This article was originally published by Fleet Europe.
This year’s International Fleet Managers Institute special session took place in Rome on November 18. Across nine insightful presentations, worldwide experts, fleet, purchasing and procurement professionals addressed the evolution of alternative powertrains for fleet vehicles.
Four main factors play an important part when choosing alternative powertrains: driver behaviour, government subsidies, charging infrastructures and fuel costs.
According to Tony Elliott, Global Fleet expert, a comparison between the theoretical costs and the actual costs of rented vehicles is necessary. Many countries wishing to develop in the international fleet scene make this comparison to optimise the costs. The final cost of a leased car is always different than the initial total cost prediction and is in large extent internal in reality: car policy, type of driver, tires use, insurance, etc.
Dr. Pietro Capaldi, Researcher at the Intituto Motori from Napoli, explained that diesel engines will face many problems in the future, and gas fueled or full electric vehicles offer high performances with low CO2 emissions. His presentation raised an interesting discussion around the future potential of diesel cars, which despite the Dieselgate, offer the best TCO actually.
Denis Férault, Arval, disagreed with Dr. Capaldi regarding the evolution of hydrogen vehicles the following years. Mr. Férault considers once the security problem of this type of engine is solved they will be included more into car fleets.
Dual fuel CNG/Gasoline vehicles have lower performances because engines are not adapted yet and high boosted turbocharged engines are needed for optimisation. For Dr. Capaldi Gas fueled high-boosted CNG vehicles are the best fitted to obtain high-efficient cars and limit TCO. Also, full electric cars allow a cost-reduction depending on tank capacity and battery performances.
For Erwin Boumans, BDO Belgium, the main trend in car taxation is to give incentives to green cars and raise taxes for diesel vehicles. The main differences concern additional taxes on luxurious cars in many Mediterranean countries (Greece, Morocco) and taxes on CO2 emissions. In the immediate future many authorities, especially the European Union, will graduate taxes on those CO2 emissions. EVs purchasing price is higher, but due to governments’ subsidies their TCO is only 10%.
Fuel costs, allocation and charging station are the three main elements that need to be considered regarding alternative powertrains for Nathalie de Vries, Senior Consultant LeasePlan International. Also, driver behaviour can appear counter-productive if the wrong type of driver gets a hybrid car.
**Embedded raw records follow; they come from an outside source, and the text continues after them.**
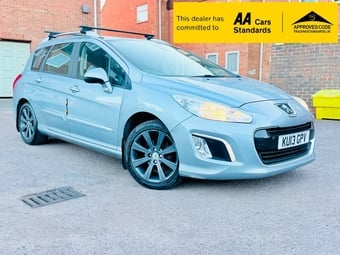 Peugeot 308 SW 2013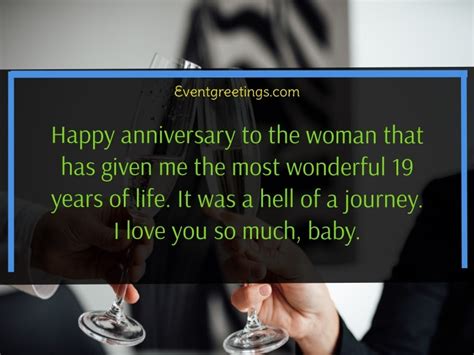 15 Best 19 Year Anniversary Quotes Celebrate Long Run
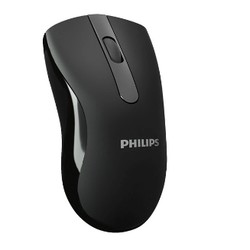 PHILIPS 飞利浦 无线鼠标 2.4G 电池版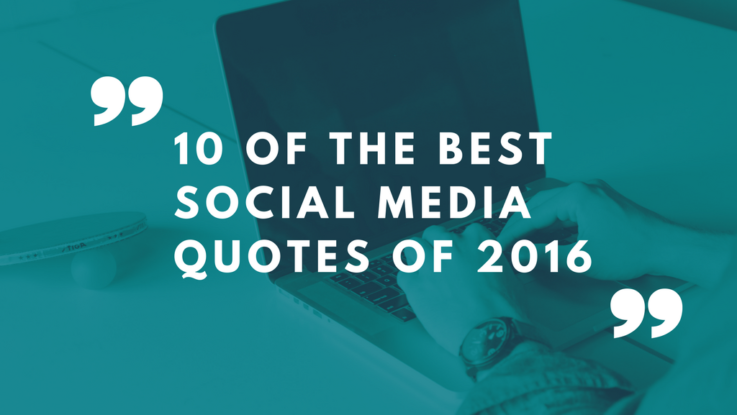 10 Best Social Media Quotes | MarcCreighton.co.uk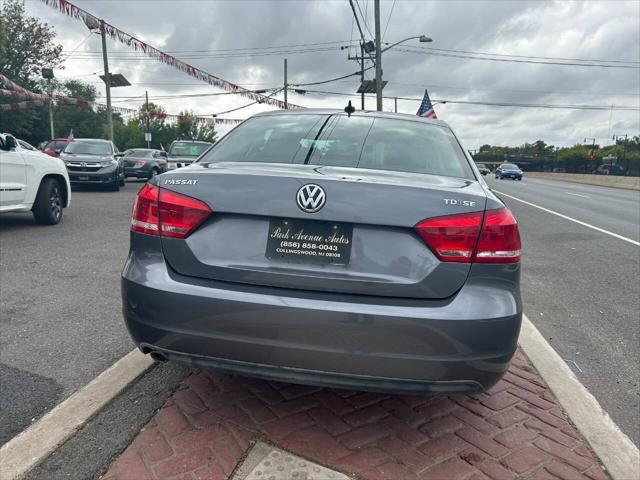 2014 volkswagen passat 2.0l tdi dsg se w/sunroof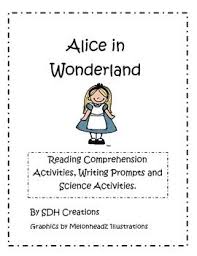 Alice In Wonderland Activities Alice In Wonderland Alice In Wonderland Book Wonderland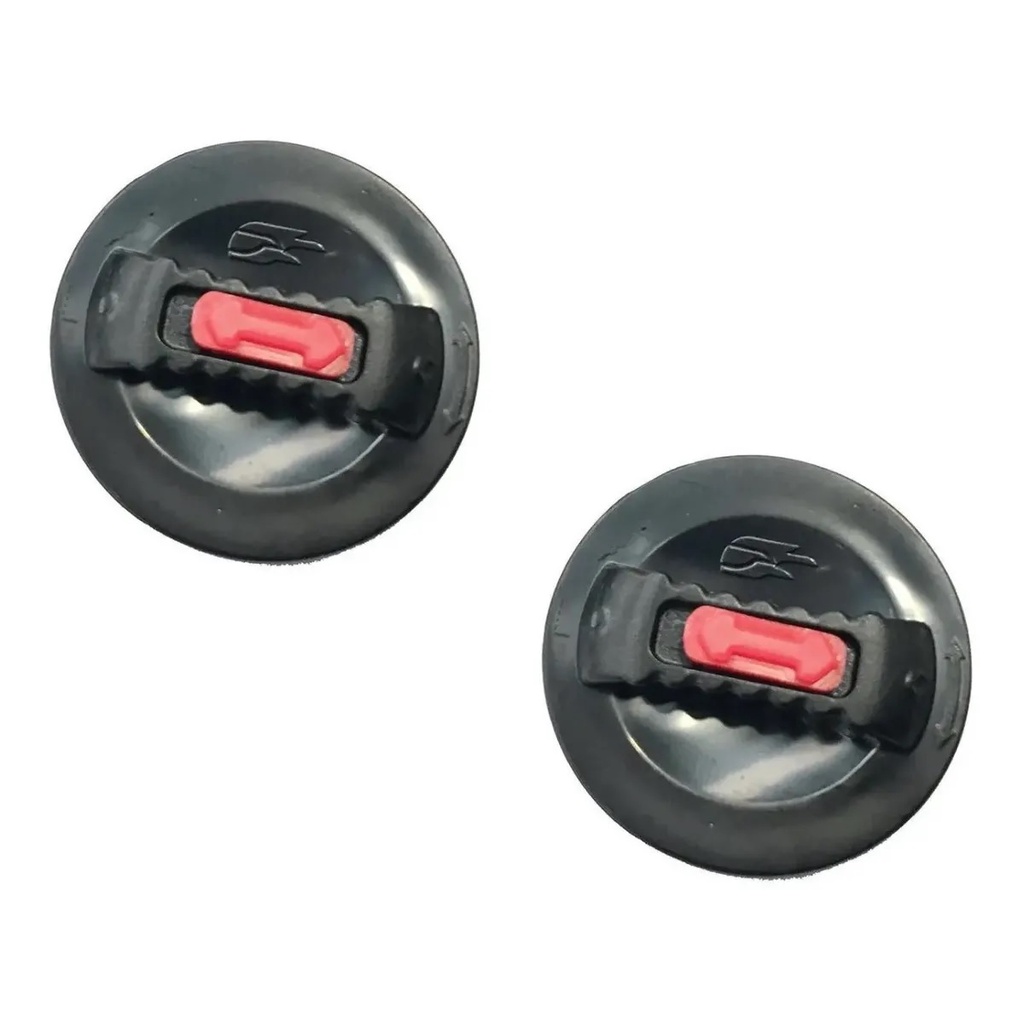 Botão Reparo Capacete Helt Strada Ls2 Ff 358 / Ff 396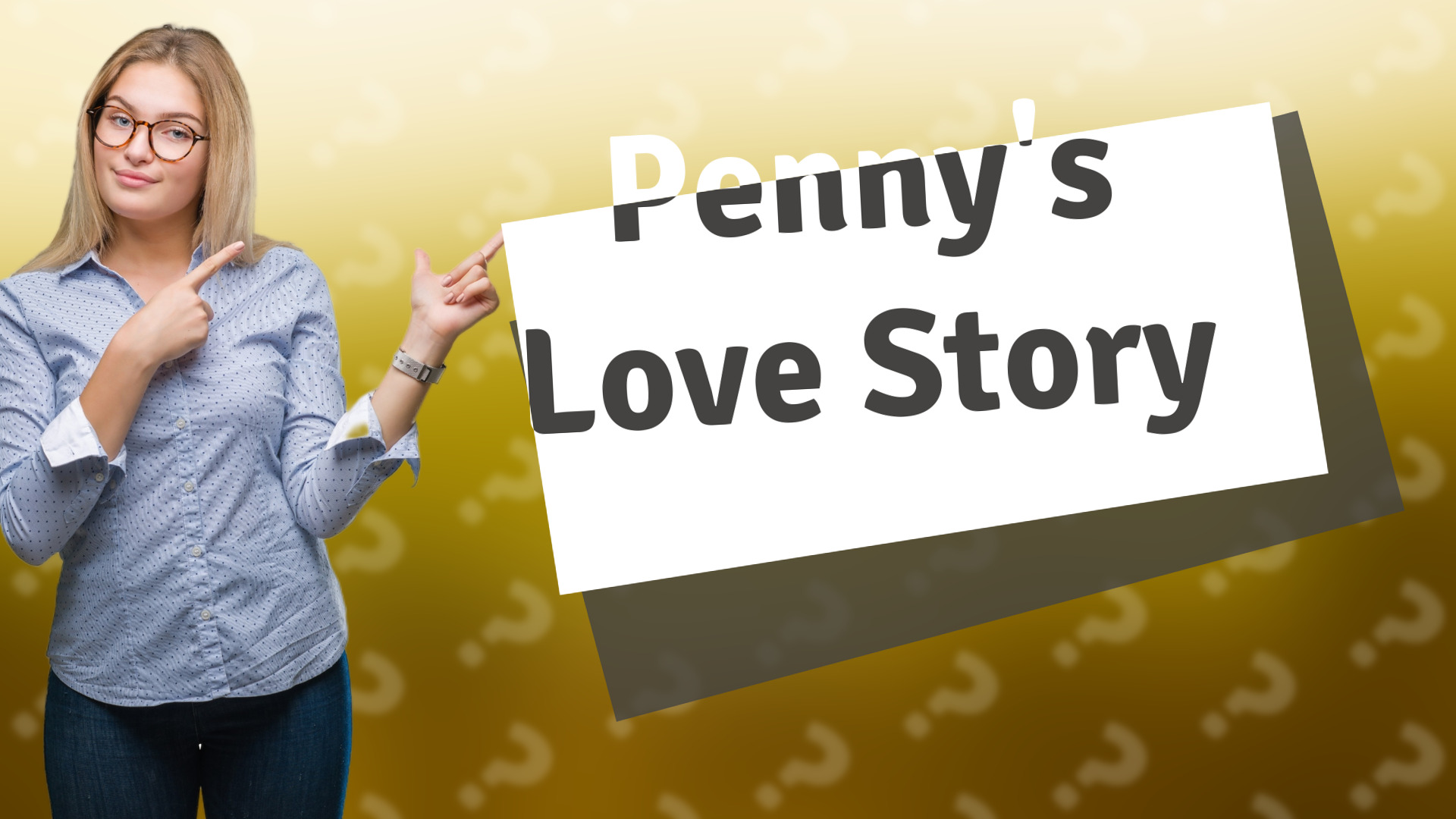 Penny's Love Story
EVs can present many advantages like positive TCO, fewer taxes, low CO2 emissions, reduced maintenance costs and promotes a company’s green image according to Ralf Kostrewa, Head of Fleet Sales International at Volkswagen Group. For Mr. Kostrewa manufacturers developing alternative powertrains should adapt to the specificities of every country market.
This EV market exists only for the last five years now explained Nicolas Pelpel, Fleet Manager at Nissan Europe SAS, but it is evolving a lot faster than other alternative like hybrids. The recycling of batteries and charging are the two major cost issues after the end of a green car. For the Renault-Nissan Alliance the business opportunities for second life batteries go up to 75 % and the majority of EVs, 83%, are charged at home or at the office.
Jean Zermati, Group Fleet Manager at Orange, remarked that charging at gas stations can be more cost-interesting. Especially because every employee may not be able to charge its vehicle at home. Right now, EVs is the cleanest technology confirmed Elisabeth Delval, responsible for Renault’s Zoe.
Gregory Bech, Category Manager Fleet EMEA at Johnson & Johnson, shared tips to implement EVs such as build a policy to maximize cost effectiveness, choose the drivers most fitted to use them, engage finance and fleet partners for inside analysis, and use your current OEM partners.
The only way to continue city center business in upcoming five years, with the rise of authorities’ restrictions, is EVs and the evolution from the usage logic to the possession logic. We are in a sharing economy and sharing is open space explained Jean Zermati, Orange.
Even if the electricity price grows by 25%, TCO is not affected. The charging infrastructure is what needs further development and it depends on the use of the EV for Mr. Zermati. At the end, it also depends on a company’s ambition to promote alternative powertrains noted Nathalie de Vries.